A Microsoft Employees Rant: “I Contribute to the Windows Kernel. We Are Slower Than Other Operating Systems. Here Is Why.”
I was having a discussion in a forum with Marc Bevand about how windows is still slow despite of the “fast” windows 8.
And out of nowhere an anonymous Microsoft developer who contributes to the Windows NT kernel wrote a fantastic and honest response acknowledging this problem and explaining its cause.
The post has been deleted.
But I am re-posting it since it’s too insightful.
PS: The anonymous poster himself deleted his post as he thought it was too cruel and did not help make his point, which is about the social dynamics of spontaneous contribution. However he let me know he does not mind the re-post at the condition I redact the SHA1 hash info, which I did
I’m a developer in Windows and contribute to the NT kernel. (Proof: the SHA1 hash of revision #102 of [Edit: filename redacted] is [Edit: hash redacted].) I’m posting through Tor for obvious reasons.
Windows is indeed slower than other operating systems in many scenarios, and the gap is worsening. The cause of the problem is social. There’s almost none of the improvement for its own sake, for the sake of glory, that you see in the Linux world.
Granted, occasionally one sees naive people try to make things better. These people almost always fail. We can and do improve performance for specific scenarios that people with the ability to allocate resources believe impact business goals, but this work is Sisyphean. There’s no formal or informal program of systemic performance improvement. We started caring about security because pre-SP3 Windows XP was an existential threat to the business.
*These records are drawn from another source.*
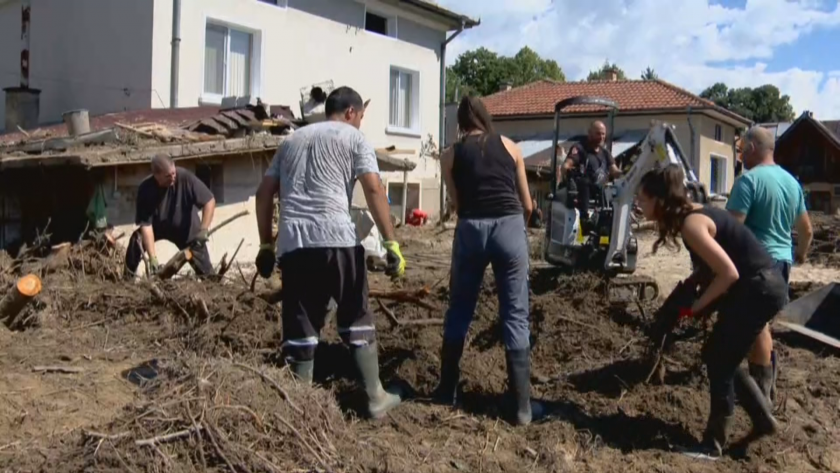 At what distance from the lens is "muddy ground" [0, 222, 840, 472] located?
13.3 ft

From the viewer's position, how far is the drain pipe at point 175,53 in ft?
46.7

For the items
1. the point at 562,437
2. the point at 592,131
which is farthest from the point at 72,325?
the point at 592,131

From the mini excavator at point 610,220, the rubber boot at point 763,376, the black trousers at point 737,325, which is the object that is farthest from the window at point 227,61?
the black trousers at point 737,325

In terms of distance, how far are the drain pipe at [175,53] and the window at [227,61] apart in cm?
90

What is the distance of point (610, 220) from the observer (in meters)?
7.82

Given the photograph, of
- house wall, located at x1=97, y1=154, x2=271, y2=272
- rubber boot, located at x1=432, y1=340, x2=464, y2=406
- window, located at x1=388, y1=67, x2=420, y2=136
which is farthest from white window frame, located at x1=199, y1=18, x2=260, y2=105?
rubber boot, located at x1=432, y1=340, x2=464, y2=406

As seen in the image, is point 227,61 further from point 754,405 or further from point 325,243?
point 754,405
Our low performance is not an existential threat to the business.
See, component owners are generally openly hostile to outside patches: if you’re a dev, accepting an outside patch makes your lead angry (due to the need to maintain this patch and to justify in in shiproom the unplanned design change), makes test angry (because test is on the hook for making sure the change doesn’t break anything, and you just made work for them), and PM is angry (due to the schedule implications of code churn). There’s just no incentive to accept changes from outside your own team. You can always find a reason to say “no”, and you have very little incentive to say “yes”.
There’s also little incentive to create changes in the first place. On linux-kernel, if you improve the performance of directory traversal by a consistent 5%, you’re praised and thanked. Here, if you do that and you’re not on the object manager team, then even if you do get your code past the Ob owners and into the tree, your own management doesn’t care. Yes, making a massive improvement will get you noticed by senior people and could be a boon for your career, but the improvement has to be very large to attract that kind of attention. Incremental improvements just annoy people and are, at best, neutral for your career. If you’re unlucky and you tell your lead about how you improved performance of some other component on the system, he’ll just ask you whether you can accelerate your bug glide.
Is it any wonder that people stop trying to do unplanned work after a little while?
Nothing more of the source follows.